WORK REQUEST: Return the whole listing unchanged. Drop the images.
:: COLLECTED DATA
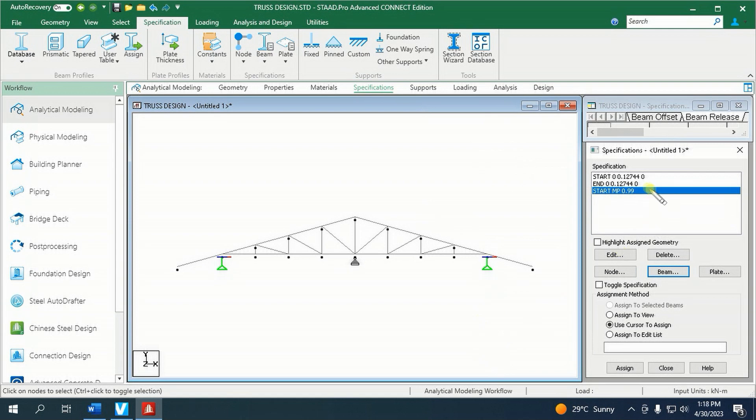This is the start here. Do this one more time for the end portion of the beam, as each beam has a start and end portion.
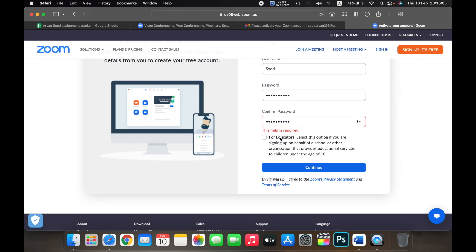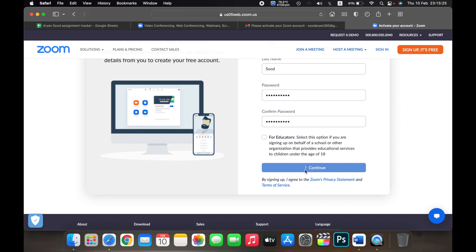If you are an educator or a teacher from a school, you will see this option and you can select it. This is for educators — select this option if you are signing up on behalf of a school or other organization that provides educational services to children under the age of 18. If you are an educator or teacher from a school click on this, or else click on Continue.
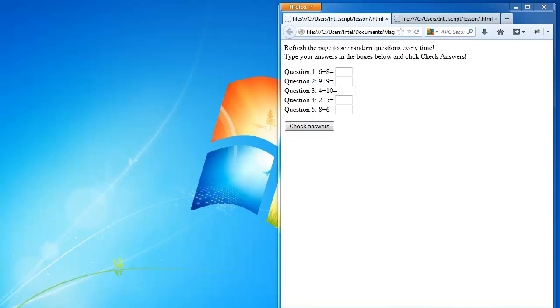Hey guys, welcome to another JavaScript tutorial. This is Eddie the Magic Monk.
::::
TASK SOLUTION:
This is the start here. Do this one more time for the end portion of the beam, as each beam has a start and end portion.
If you are an educator or a teacher from a school, you will see this option and you can select it. This is for educators — select this option if you are signing up on behalf of a school or other organization that provides educational services to children under the age of 18. If you are an educator or teacher from a school click on this, or else click on Continue.
Hey guys, welcome to another JavaScript tutorial. This is Eddie the Magic Monk.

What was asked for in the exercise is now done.